結果だけいえば、先団でレースを進めたブラックホークとアグネスワールドの二頭で決着したため、キングヘイローを含む後方に構えた馬達の様子が、直線でテレビカメラに映ることはほとんどなかった。しかし、その見えないところで、大外に持ち出されていたキングヘイローは猛烈な末脚で追い込み、勝ったブラックホークから0秒2差の3着に好走。特に後半の600mは、初のスプリント戦としては合格点が与えられる内容で、4歳シーズンを終えたのだった。


──とはいえ、この年も無冠のまま終わってしまったキングヘイロー。
年が明け、ついに5歳を迎えることになる。

是が非でもGⅠタイトルを手にしたい陣営は、5歳シーズンの初戦として、生涯初のダート戦となるフェブラリーステークスを選択。
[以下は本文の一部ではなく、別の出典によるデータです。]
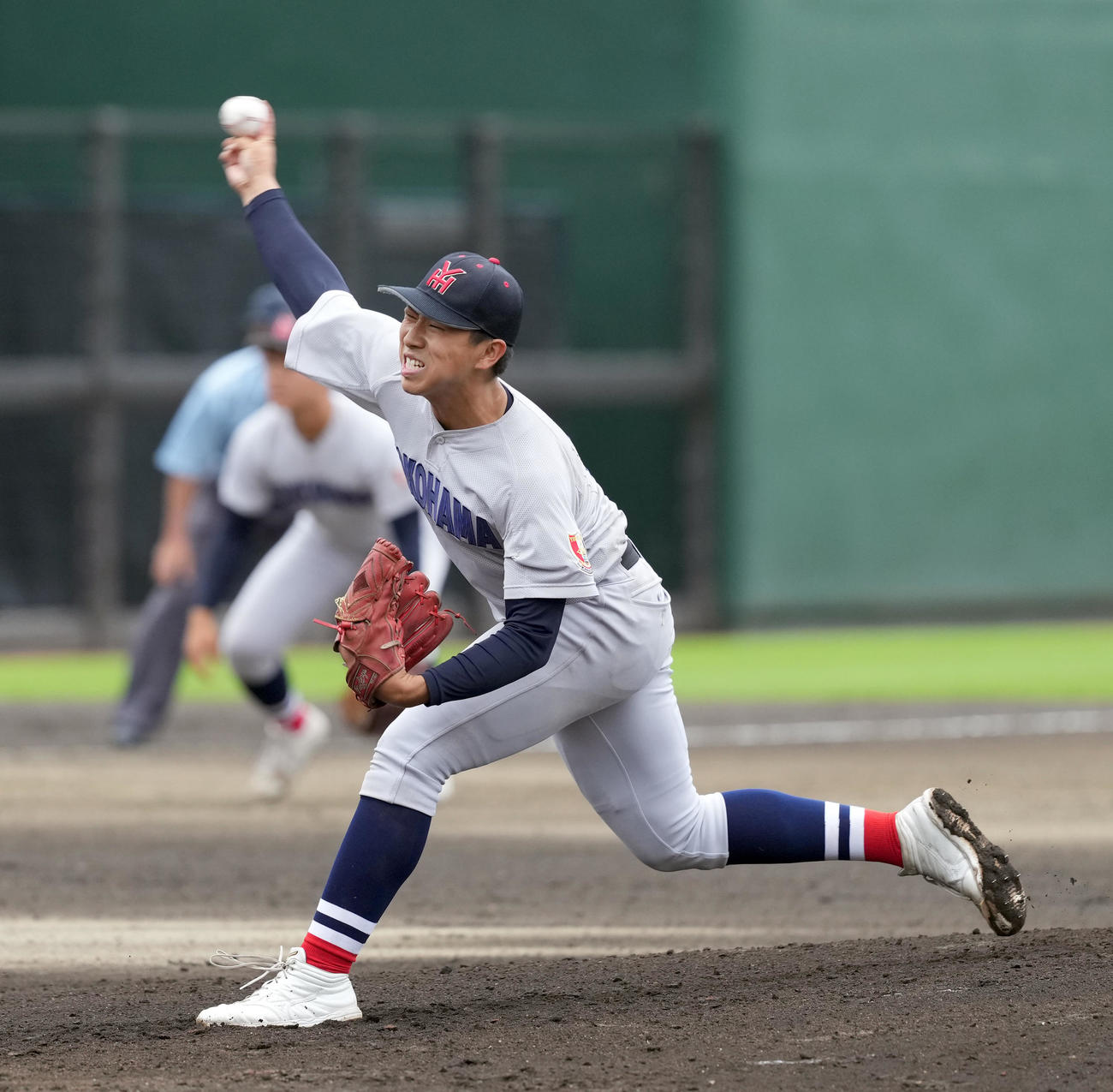 作新学院対横浜　横浜の先発前田（撮影・たえ見朱実）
母のグッバイヘイローは、なんといっても米国でダートのGⅠを7勝もした名牝中の名牝。陣営が、このレースに狙いを定めたのも当然で、鞍上には、再び柴田善臣騎手が配された。

ところが、1番人気に推されたこのレースで、東京のダート1600mでは不利とされる1枠を引いたのは痛かった。道中で砂を被りながら中団を進んだ結果、直線では早々に後退してしまい、見せ場なく13着に大敗。残念ながら、キングヘイローの居場所はここにはなかった。

その1ヶ月後。今度は、自身2度目となるスプリント戦に出走した。11度目のGⅠ出走となる高松宮記念である。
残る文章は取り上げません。